Philips Cineos 47PFL9603D 47in LCD TV Review - Philips Cineos 47PFL9603D Review


The attractively weighty remote control supplied with the 47PFL9603D actually sports an Apple iPod-style navigation wheel, designed to help you navigate onscreen menus faster. And believe us, even though it can be a bit fiddly at times, you’ll need to use this wheel quite regularly. For if there’s a TV on the market today with a longer list of options and features than the 47PFL9603D, I can’t think of it. Unless it’s Philips’ own PFL9703s!

It would take me all week to cover in detail everything that’s on offer here, so I’ll try and just focus on the most innovative and important stuff – especially as this is not the first TV from the 9603D range we’ve looked at.
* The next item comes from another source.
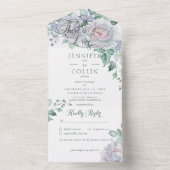 Pasta's en witte pony's Floral White Dinner All In One Uitnodiging (Binnen)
The single most important discovery is Philips’ Perfect Pixel HD picture processing engine. This umbrella name covers various processing routines aimed at improving colours, detailing, contrast, and noise reduction, highlights of which are a 17-bit colour booster; a system that digitally expands the difference between the dark and light parts of the image; and HD Natural Motion for generating new image frames between the ‘real’ ones in a source to make motion look sharper and more fluid.

The feature set also includes frame rate-doubling 100Hz processing, again to enhance motion, and there’s all manner of subtlety on offer regarding how gently or heavy handedly all the elements of the TV’s video processing work. In fact, you can turn off all of the processing elements completely, if you wish – though obviously this would seem a bit daft considering that the high-level processing accounts for a good part of the 47PFL9603D’s cost!

As you might be starting to suspect from all this, the 47PFL9603D is certainly not the easiest TV to use. When you first fire it up it takes you through a reasonably helpful setup assistant, and there’s an Active Control option that can take on a number of the image’s adjustments automatically. But beyond that you’re more or less on your own, meaning that if, say, you spot a lot of processing artefacts while watching sport it’s up to you to remember to deactivate the most likely cause, the HD Natural Motion system.

And believe us when we say that you definitely will find moments – quite regularly, in fact – where something about the picture doesn’t look quite right with a particular source until you’ve gone in and tweaked the motion controls, the dynamic contrast feature, the noise reduction tools or whatever.

However, for me the crucial thing here is that while the 47PFL9603D’s toolkit might be complicated, it does include pretty much everything you need to make your pictures look very good no matter what sort of source footage you throw at the TV. You just need to put the effort in to make sure you’re using that toolkit properly. Commit to this level of effort, and you’ll be saved from the sort of forced compromises you get with less advanced processing engines.